Histoire récente du monde agricole (1/8)

Le rural, une force tranquille ? 1981-1986 (Assemblée nationale) : rétro-débats - 1/8

Si le peuple de Paris se rend à la Bastille, ce n'est pas pour y mettre le feu, mais pour y écouter de la musique.
"La surprise de mai-juin 1981, écrit Serge SUR [i], tient dans la facilité de l'alternance. [...] Dès lors que l'alternance était possible, elle devenait facile, c'est-à-dire inévitable dans son déclenchement et irrésistible dans son aboutissement."
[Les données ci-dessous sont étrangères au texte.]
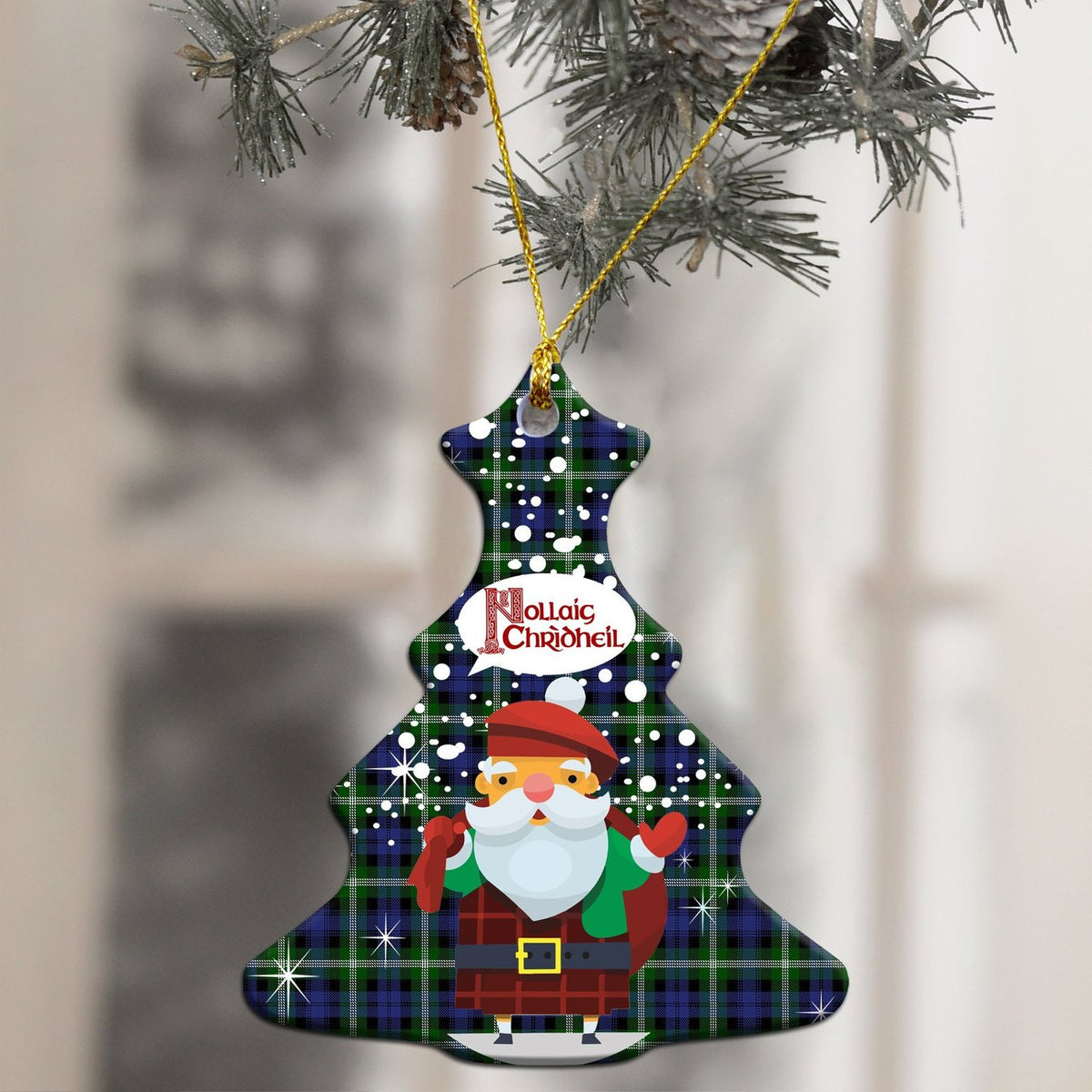 Baillie Modern Tartan Christmas Ceramic Ornament - Santa Style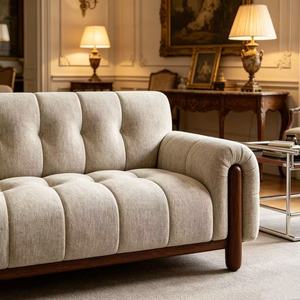 Modern Tufted Fabric <b>Sofa</b> Three Seat With Wood Legs Chesterfield Style Living Room Furniture - Product Image 6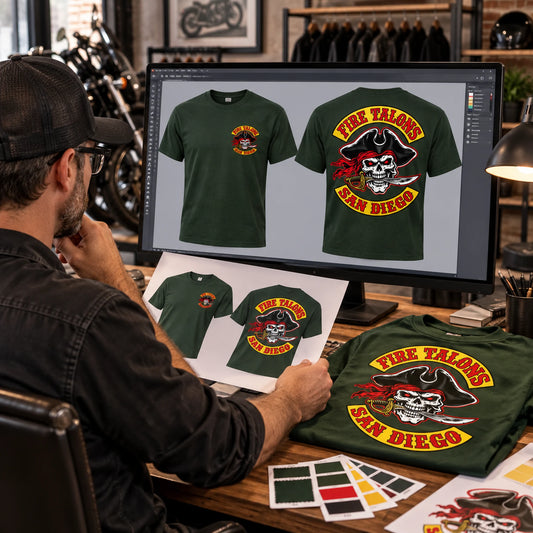 Fire Talons custom short-sleeve shirt design proof showing small chest and full-back placements.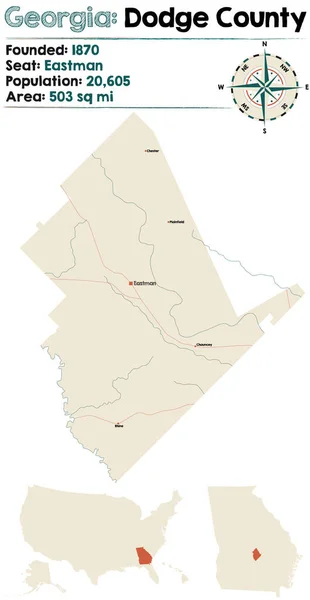 Велика Детальна Мапа Округа Додж Джорджії Сша — стоковий вектор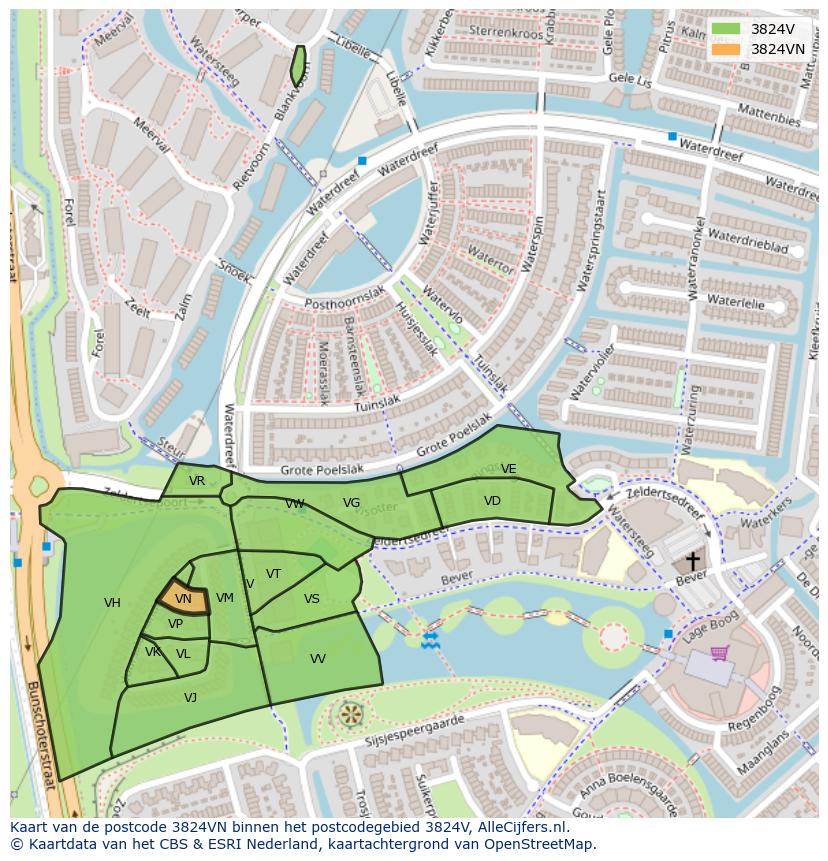 Afbeelding van het postcodegebied 3824 VN op de kaart.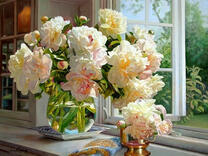 Без бренда «Ваза с букетом белых пионов у окна» в Иркутске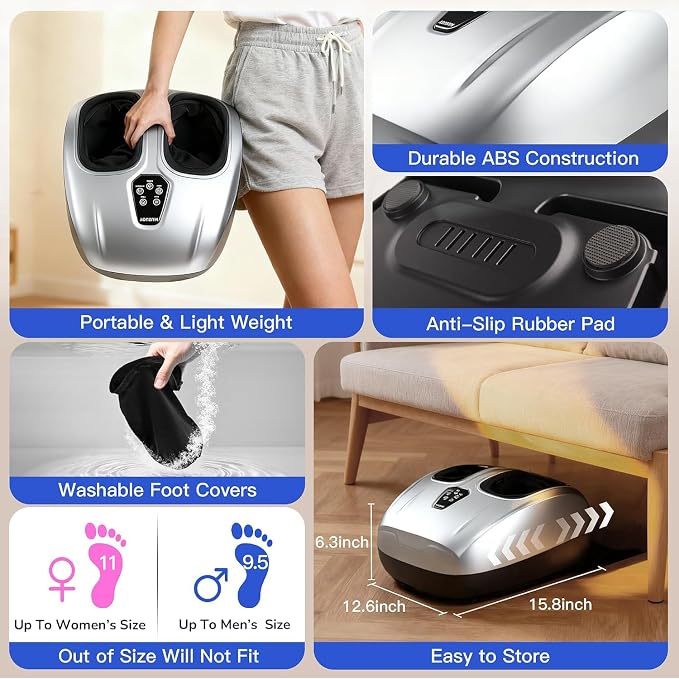 Foot Massager with Heat and Compression 2026 Upgraded Shiatsu Style - Image 6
Si la France est paisible, le monde l'est moins.
Les Chinois viennent de condamner à mort la " bande des quatre " et le souvenir de ces accès de fanatisme s'estompe à peine que la révolution iranienne bouscule non seulement la vie quotidienne des Iraniens, mais aussi les rapports de force mondiaux : la guerre contre l'Irak provoque un deuxième choc pétrolier.
La prise des otages américains est ressentie aux USA comme une gifle . Comme pour se rassurer, les Américains élisent Reagan à la présidence. L'ambition de ce dernier est de mettre au pas l'Iran et de stopper l'expansion des Soviétiques.
Cela fait deux ans en effet que l'URSS occupe militairement l'Afghanistan et, si elle n'a pas eu besoin de rééditer le coup de force de Kaboul pour mettre au pas les syndicalistes polonais, l'été polonais débouche sur un hiver des plus sombres.
Dans ce contexte, les négociations sur le désarmement piétinent et l'OTAN a décidé de riposter au SS20 soviétiques en installant les fusées Pershing sur le continent européen.
L'Europe a de la peine à surmonter ses contradictions.
En avril 1980, le Conseil européen de Luxembourg, confronté à l'intransigeance britannique, s'est soldé par un échec. Pour que celui-ci ne soit pas irrémédiable, le Conseil a donné mandat à la Commission pour faire des propositions. Depuis lors, la relance de l'intégration européenne est à l'ordre du jour, ainsi que la réforme de la Politique Agricole Commune (PAC).
En matière agricole, les perspectives ne sont pas bonnes : dès cette époque, la Commission fait état d'excédents et prévoit des mesures radicales ( il est question, en particulier – et nous en reparlerons - d’instaurer des quotas sur les produits laitiers.) ; mais il n'est pire sourd que celui qui ne veut pas entendre !
Les préoccupations monétaires ont provoqué un rapprochement franco-allemand. Depuis 1978, un "serpent monétaire" lie entre elles les monnaies de plusieurs pays. C'est en quelque sorte un parapluie qui devrait protéger le franc, dont l'équilibre est fragile face à la "flambée du dollar" et à la hausse des taux d'intérêt qui ont atteint, aux Etats-Unis des taux "absurdes". Mais c'est aussi une contrainte car les décisions relatives à la monnaie doivent être concertées et, compte tenu du déséquilibre de l'économie française par rapport à l'Allemagne, la France, dès avant l'arrivée de la gauche, n'est pas du tout en position de force.
En effet, les indicateurs économiques, en ce début d'année 1981, ne sont pas bons : la hausse des prix a été de +13 % en 1980; le nombre des demandeurs d'emploi dépasse le million et demi et l'INSEE "prévoit une forte augmentation des demandeurs d'emploi au premier semestre 1981".
Cet environnement contraste avec le ton assez morne de la campagne électorale. "Partie de trop loin avec des candidats trop connus, la campagne présidentielle de 1981 s'est déroulé sans passion, voire dans un certain climat de lassitude. Tout semblait avoir été dit, et même le résultat apparaissait, aux yeux de la plupart des commentateurs, joué d'avance" ( Thierry PFISTER [ii])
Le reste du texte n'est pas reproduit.